Machine learning is all around us

We see machine learning in many aspects of every day life, but it isn’t always apparent. One example that we mentioned in part 1, chat bots. Chat bots are being used heavily as automated customer service agents. Often times, humans are unable to perceive they are even conversing with a machine. Plus, the answers they seek can be returned quickly and with surprising accuracy. Another example, autonomous vehicles (AV), are possible because of advancements in machine learning. Google and Uber have been testing autonomous vehicles and within the next few years we expect to see more AVs sharing the road with us.

A simple explanation of machine learning styles

There are three main categories of machine learning: supervised, unsupervised, and reinforcement learning.

Supervised learning shows a computer data and outcomes to serve as a guide.
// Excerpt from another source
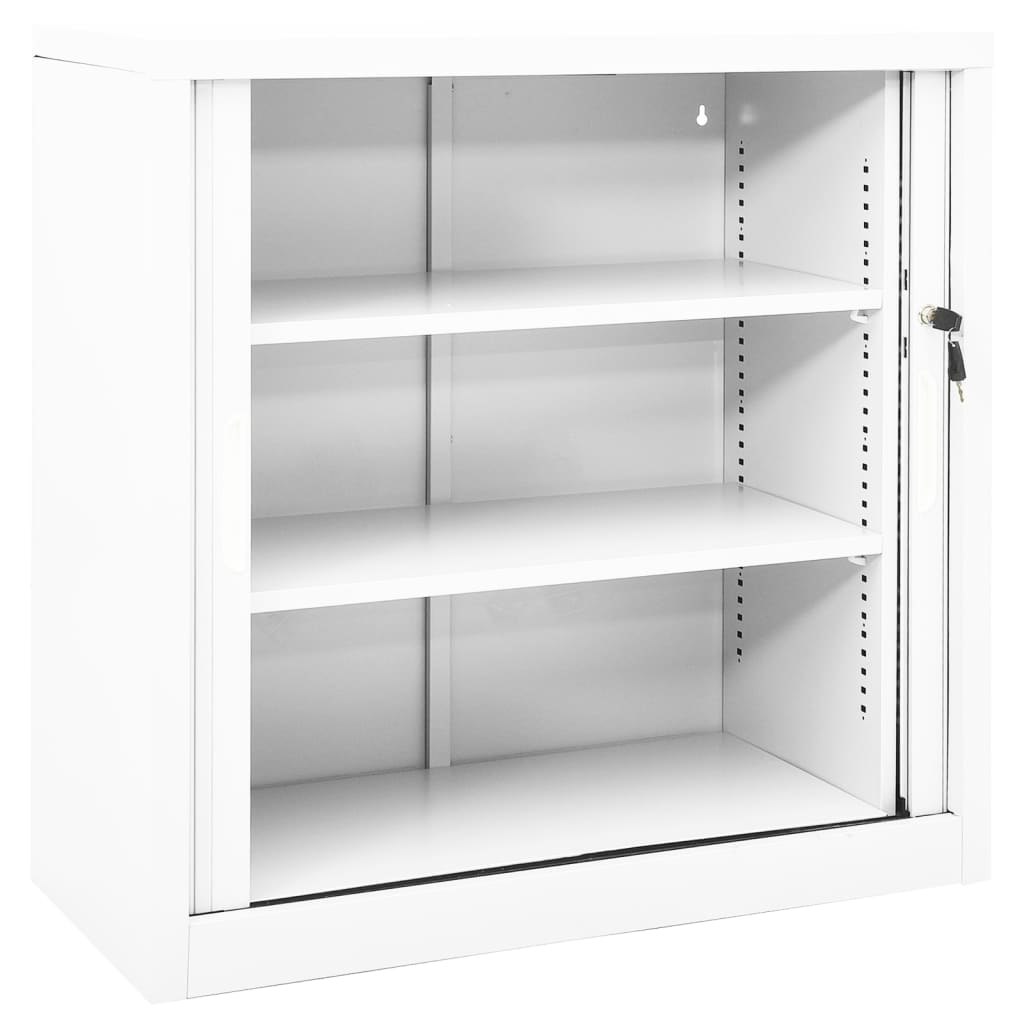 Шкаф с плъзгаща врата, бял, 90x40x90 см, стомана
From there, the computer generates a model that it will use on new, incoming data to reach similar outcomes. Two subclasses of supervised learning that are important to note: regression, in which the output variable takes continuous values, and classification, in which the output variable takes class labels.
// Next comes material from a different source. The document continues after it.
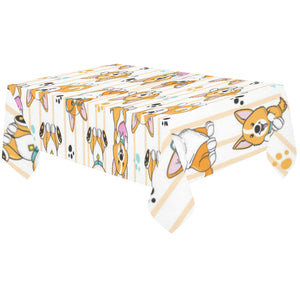 Cute dog corgi striped background pattern Tablecloth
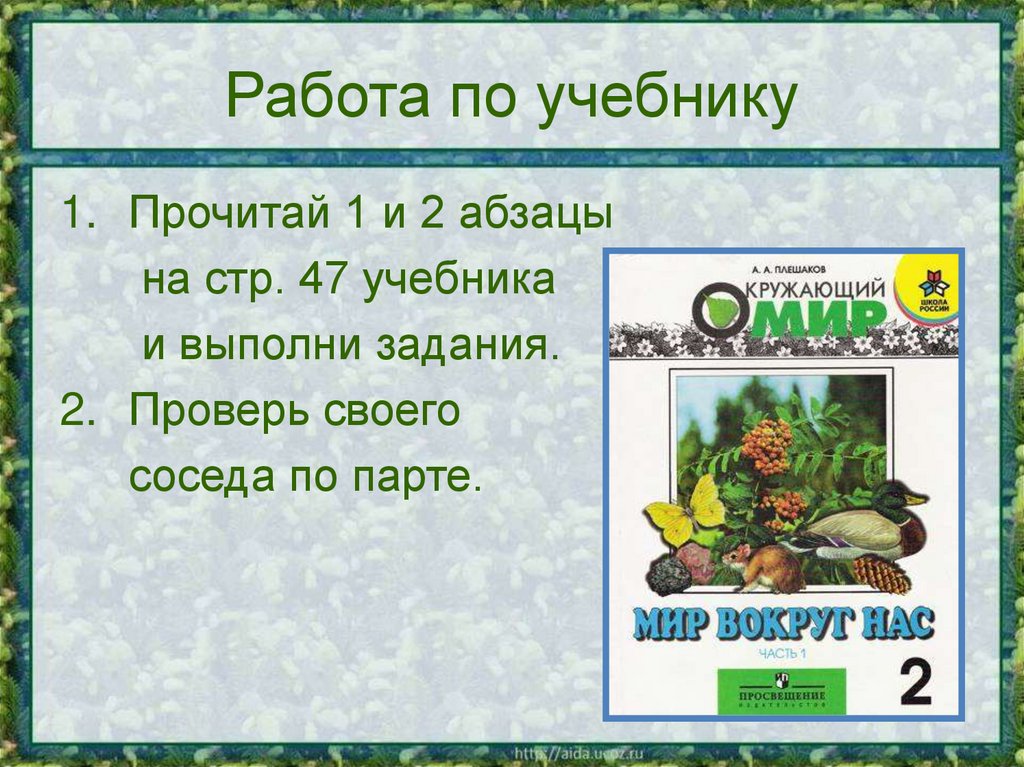 Работа по учебнику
Unsupervised learning shows a computer data without specifying the outcome. Data is clustered automatically into useful categories from which a variety of assumptions could be made. This method is frequently utilized by marketers in ad targeting.

Reinforcement learning shows a computer unlabeled data. The computer is given positive and negative reinforcement as a means of training to improve learning over time.

The benefit to revenue management

Historically, the hospitality industry has used very conventional pricing methods based on historical data. Machine learning considers historical data along with new, disparate data sets, like events, weather, flights, consumer sentiment, etc resulting in highly-customized room rates. The concept of truly personalized room pricing in real time is finally possible. That is what we are doing here at LodgIQ.